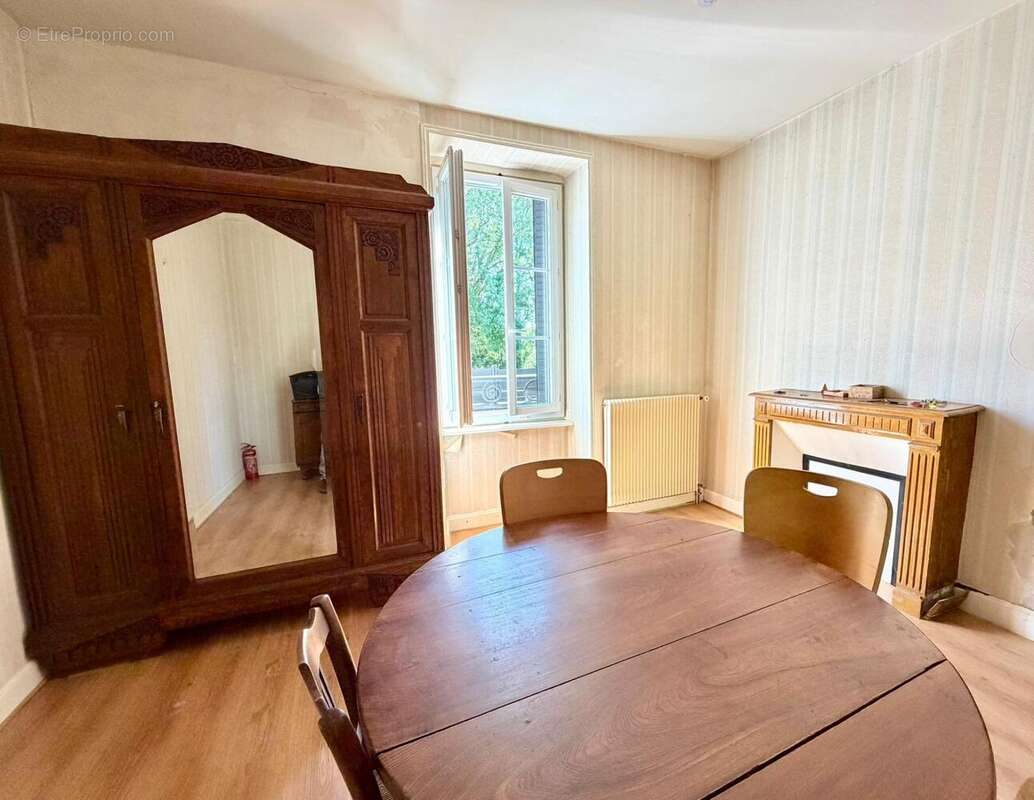 Photo 3 - Maison à GIAT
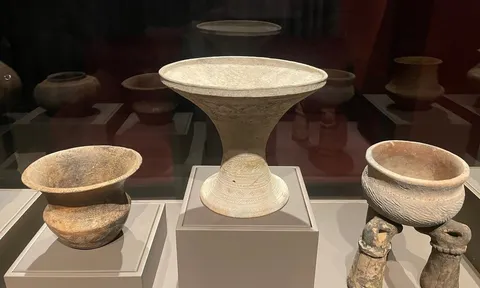 TP.HCM vừa có thêm 2 Bảo vật quốc gia: Một món 4.000 năm tuổi gây bất ngờ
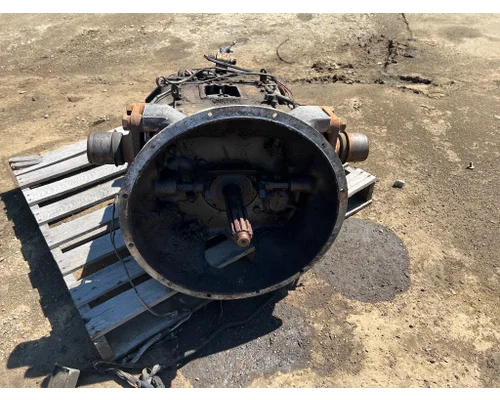 EATON RTO-16915 Transmission Assembly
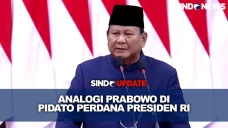 Prabowo Subianto Ingatkan...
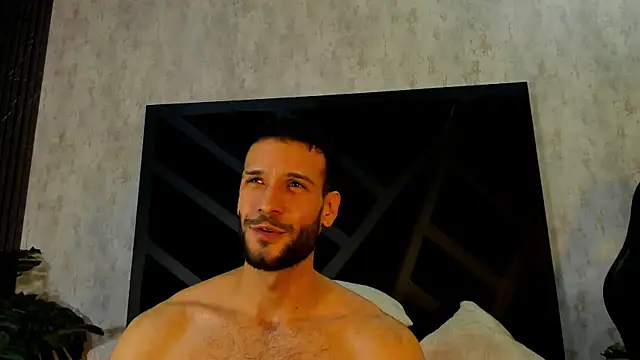 Živý XXX chat Jacob_Benelli
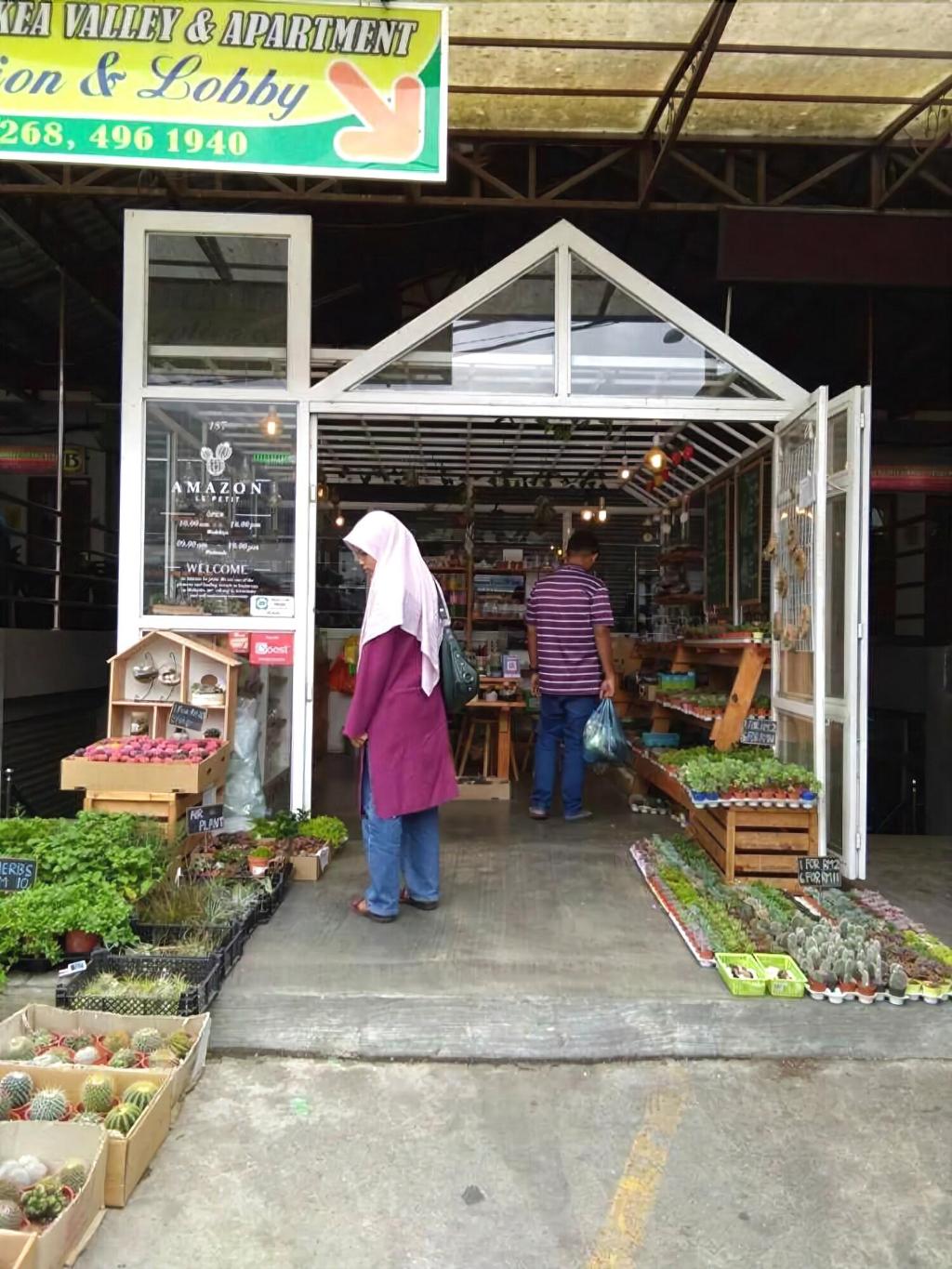 Kea Valley Hotel Apartment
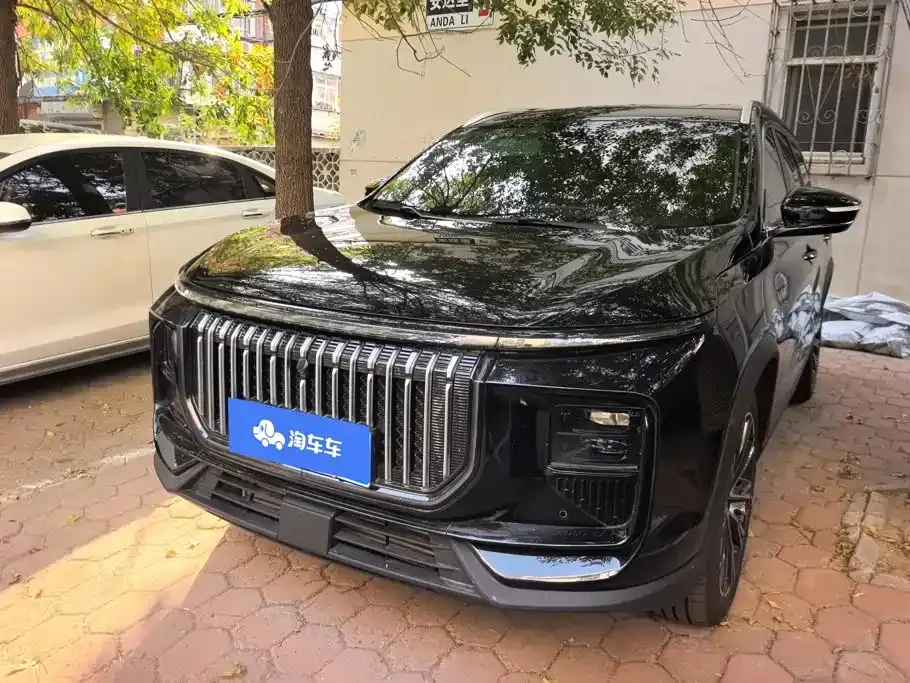 Jetour X90 PRO 2.0T DCT Luxury 5-Seater 2025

How to complete this task: With the images left out, output all the entries above exactly.

Answer for this exercise:
 Photo 3 - Maison à GIAT
 TP.HCM vừa có thêm 2 Bảo vật quốc gia: Một món 4.000 năm tuổi gây bất ngờ
 EATON RTO-16915 Transmission Assembly
 Prabowo Subianto Ingatkan...
 Živý XXX chat Jacob_Benelli
 Kea Valley Hotel Apartment
 Jetour X90 PRO 2.0T DCT Luxury 5-Seater 2025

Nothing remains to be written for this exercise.